Esse ‘efeito colateral’ é muito triste, pois leva muitos a diminuírem dramaticamente sua coleção de discos a apenas uma dezena de faixas, que serão usadas como uma bússola para a escolha de novos equipamentos.
Conheci dezenas de casos, nos 28 anos da revista, e todos sem exceção em um momento acabam abandonando o hobby, não sem antes ter se distanciado da família e dos amigos, tornando-se pessoas tristes e solitárias.
Como diria o poeta Vinicius de Moraes: “São demais os perigos dessa vida”.
Para você que chegou até aqui, e começou agora sua paixão pelo hobby, lembre-se: não se sai à busca de algo se não sabemos o que estamos almejando e onde temos mais chance de encontrar o que queremos.

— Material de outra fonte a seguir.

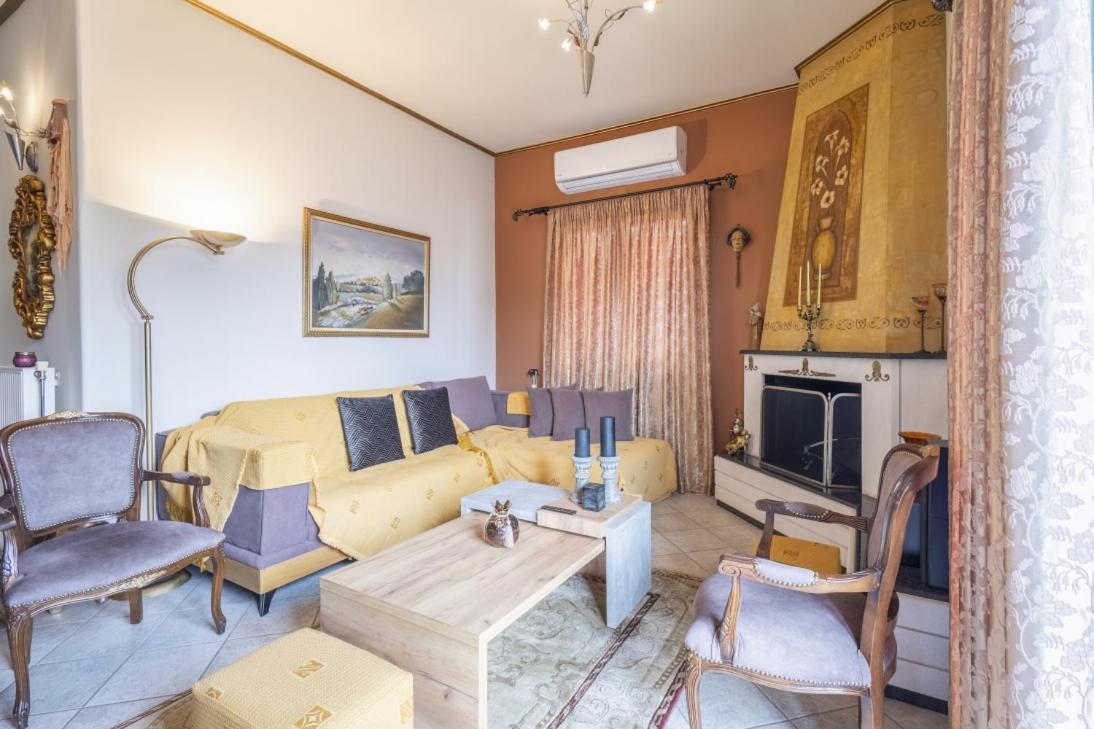 Vasilis Luxury Apartment Ioannina Buitenkant foto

Mesmo o audiófilo mais experiente errou muito antes de acertar, e o que separa o que ‘chegou lá’ do que se frustrou ao final da caminhada, é uma única coisa: Referência.

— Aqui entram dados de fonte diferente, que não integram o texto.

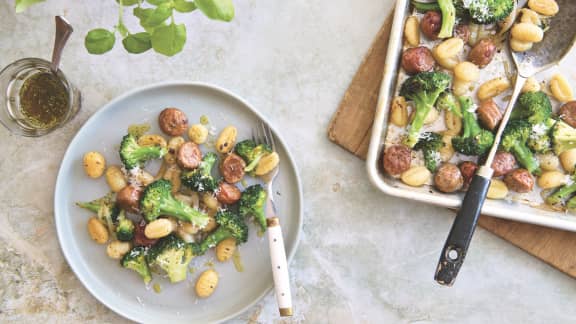 Gnocchis croustillants aux saucisses et au brocoli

Como escrevi acima, o audiófilo seguro é aquele que soube exatamente onde ele tinha que basear todas as suas escolhas, e jamais deixou de afinar sua audição toda vez que se sentiu inseguro ou perdido.
Ir pelo caminho proposto pelos revisores ‘moderninhos’, os quais não têm a mínima ideia por onde iniciar essa trajetória e se acham capazes de ditar regras, diria que esse será o início do fim do Hi-End.
O que acho mais lamentável é que justamente nesse momento o mercado conseguiu achar seu ponto de equilíbrio, e nunca tivemos tantos produtos excelentes a preços com os quais muitos podem se aventurar a ter um setup Hi-End.
Se queremos desfrutar desse momento auspicioso, devemos começar fazendo o que está ao nosso alcance: termos Referências seguras para saber se o que estamos ouvindo está correto ou não.
Você está disposto a dar esse passo?